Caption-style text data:
◇ ◇ ◇ ◇
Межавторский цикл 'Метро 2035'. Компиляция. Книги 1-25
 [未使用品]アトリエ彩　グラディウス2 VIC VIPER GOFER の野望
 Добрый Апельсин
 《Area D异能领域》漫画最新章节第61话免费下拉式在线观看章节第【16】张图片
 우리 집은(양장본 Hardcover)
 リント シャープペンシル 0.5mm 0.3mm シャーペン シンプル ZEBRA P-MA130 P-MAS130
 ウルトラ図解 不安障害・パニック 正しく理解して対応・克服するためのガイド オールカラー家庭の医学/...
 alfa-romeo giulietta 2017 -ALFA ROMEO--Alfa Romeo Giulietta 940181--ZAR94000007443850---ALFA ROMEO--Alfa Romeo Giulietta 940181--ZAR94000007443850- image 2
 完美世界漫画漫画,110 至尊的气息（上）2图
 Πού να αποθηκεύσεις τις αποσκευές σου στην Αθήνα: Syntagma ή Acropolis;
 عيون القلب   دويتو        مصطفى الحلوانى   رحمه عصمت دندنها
◇ ◇ ◇ ◇
YOUR TASK =
Retype every line of the data above exactly.

ANSWER BOX =
Межавторский цикл 'Метро 2035'. Компиляция. Книги 1-25
 [未使用品]アトリエ彩　グラディウス2 VIC VIPER GOFER の野望
 Добрый Апельсин
 《Area D异能领域》漫画最新章节第61话免费下拉式在线观看章节第【16】张图片
 우리 집은(양장본 Hardcover)
 リント シャープペンシル 0.5mm 0.3mm シャーペン シンプル ZEBRA P-MA130 P-MAS130
 ウルトラ図解 不安障害・パニック 正しく理解して対応・克服するためのガイド オールカラー家庭の医学/...
 alfa-romeo giulietta 2017 -ALFA ROMEO--Alfa Romeo Giulietta 940181--ZAR94000007443850---ALFA ROMEO--Alfa Romeo Giulietta 940181--ZAR94000007443850- image 2
 完美世界漫画漫画,110 至尊的气息（上）2图
 Πού να αποθηκεύσεις τις αποσκευές σου στην Αθήνα: Syntagma ή Acropolis;
 عيون القلب   دويتو        مصطفى الحلوانى   رحمه عصمت دندنها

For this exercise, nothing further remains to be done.